===== Task inputs

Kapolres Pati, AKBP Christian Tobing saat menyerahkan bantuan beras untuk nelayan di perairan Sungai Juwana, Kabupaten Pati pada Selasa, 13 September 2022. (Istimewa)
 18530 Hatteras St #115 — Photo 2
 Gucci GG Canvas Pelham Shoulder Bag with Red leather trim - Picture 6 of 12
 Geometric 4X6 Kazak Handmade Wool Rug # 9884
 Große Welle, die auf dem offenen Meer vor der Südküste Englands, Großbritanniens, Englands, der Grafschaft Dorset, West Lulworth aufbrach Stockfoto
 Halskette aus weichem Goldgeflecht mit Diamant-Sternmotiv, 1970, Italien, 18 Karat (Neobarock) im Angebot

==========

[Activity]
Counting the line that contains "Geometric 4X6 Kazak Handmade Wool Rug # 9884" as the first, copy exactly every line through the end of the records, and nothing else.

[Written response]
 Geometric 4X6 Kazak Handmade Wool Rug # 9884
 Große Welle, die auf dem offenen Meer vor der Südküste Englands, Großbritanniens, Englands, der Grafschaft Dorset, West Lulworth aufbrach Stockfoto
 Halskette aus weichem Goldgeflecht mit Diamant-Sternmotiv, 1970, Italien, 18 Karat (Neobarock) im Angebot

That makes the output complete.